Data for review Start Marker
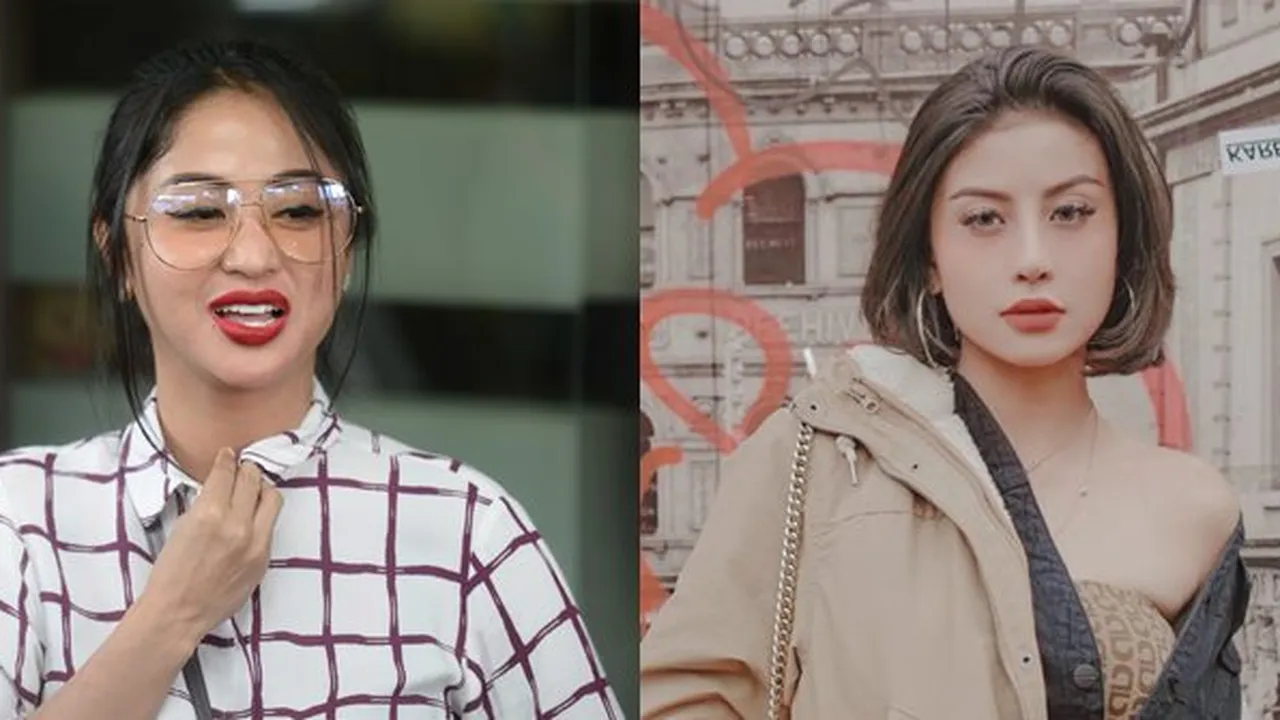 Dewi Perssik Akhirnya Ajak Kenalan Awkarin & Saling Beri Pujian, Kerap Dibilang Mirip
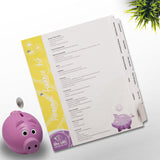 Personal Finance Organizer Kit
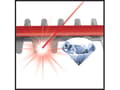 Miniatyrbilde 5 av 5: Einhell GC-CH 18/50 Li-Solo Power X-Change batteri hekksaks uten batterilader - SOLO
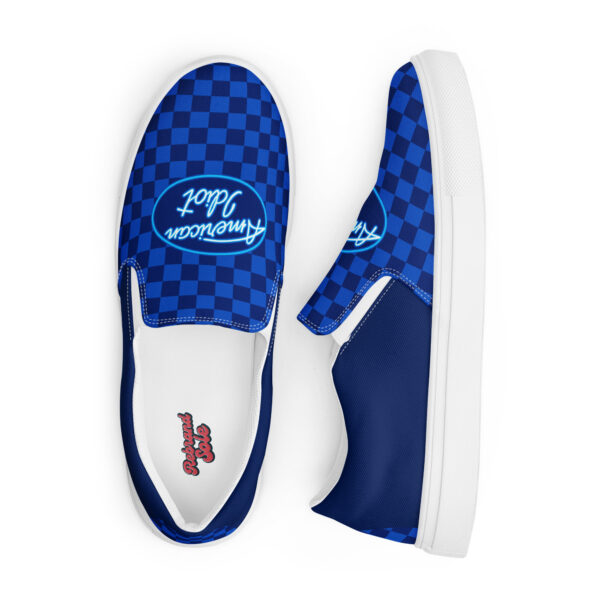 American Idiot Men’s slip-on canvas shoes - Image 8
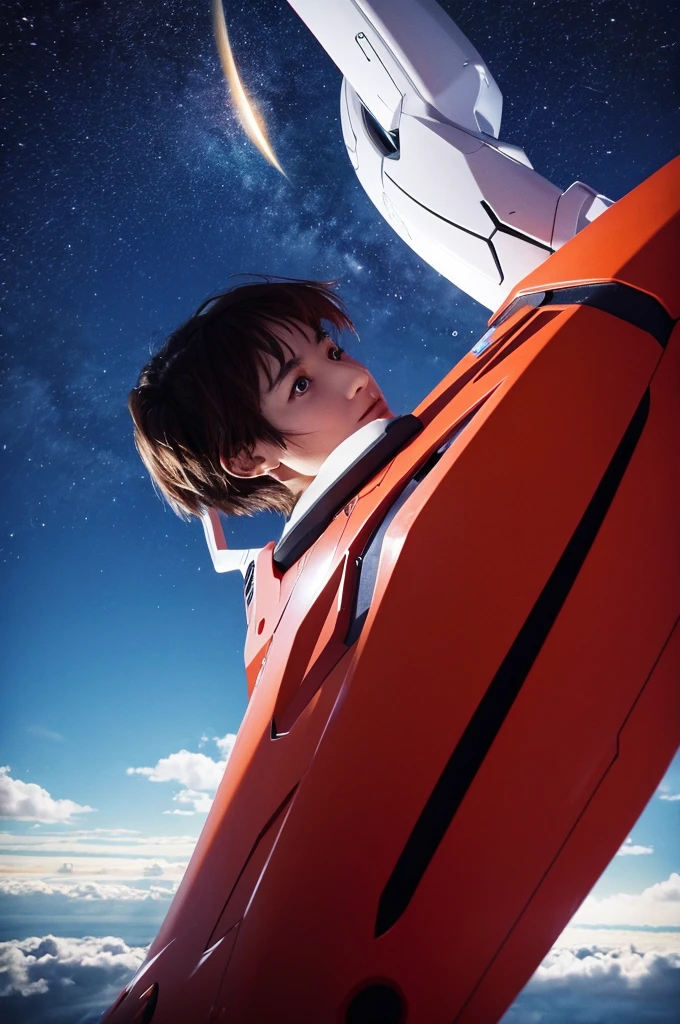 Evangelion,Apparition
Data for review End Marker
Problem to work on:
Output exactly and only the lines from the line containing "Personal Finance Organizer Kit" to the end of the entries, both included, and omit every picture.

Task result:
 Personal Finance Organizer Kit
 Miniatyrbilde 5 av 5: Einhell GC-CH 18/50 Li-Solo Power X-Change batteri hekksaks uten batterilader - SOLO
 American Idiot Men’s slip-on canvas shoes - Image 8
 Evangelion,Apparition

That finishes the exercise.